• **Data section**

Content starts

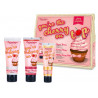 Set Regalo You are the cherry con 1 bagnodoccia 100ml, 1 crema corpo 100 ml e 1 glitter viso e corpo 50 ml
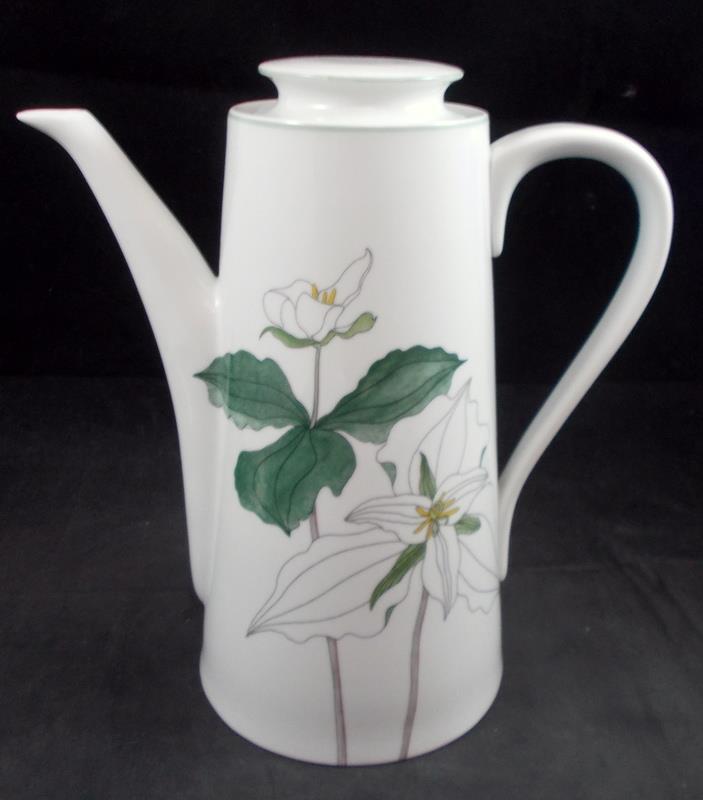 Block Trillium Coffee Pot with Lid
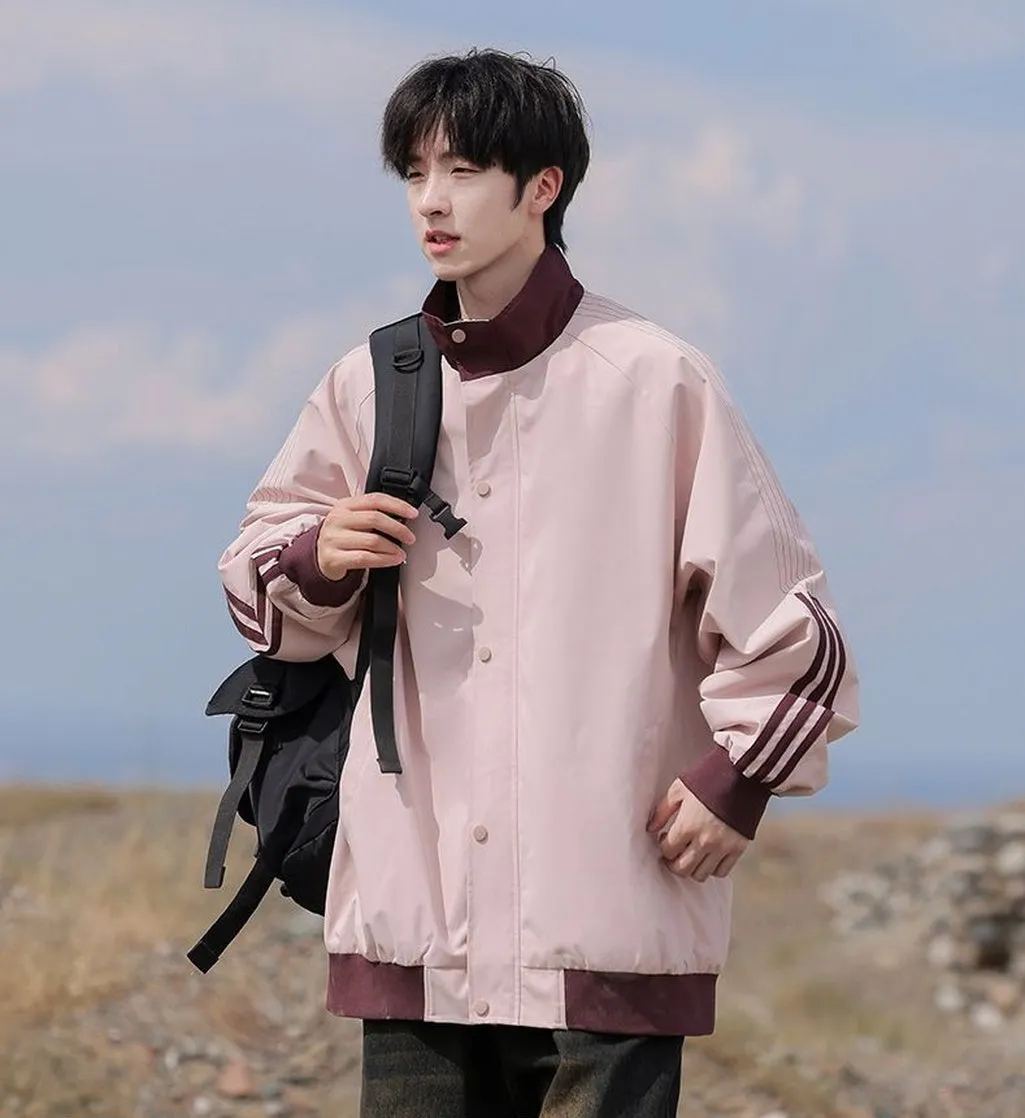 Easy-to-clean Men's Relaxed-fit Raincoat with Patchwork Design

Content ends

• **What this task involves**
Reproduce the material above exactly, but only from the line with "Block Trillium Coffee Pot with Lid" through its last line, leaving pictures out.

• **Finished exercise**
 Block Trillium Coffee Pot with Lid
 Easy-to-clean Men's Relaxed-fit Raincoat with Patchwork Design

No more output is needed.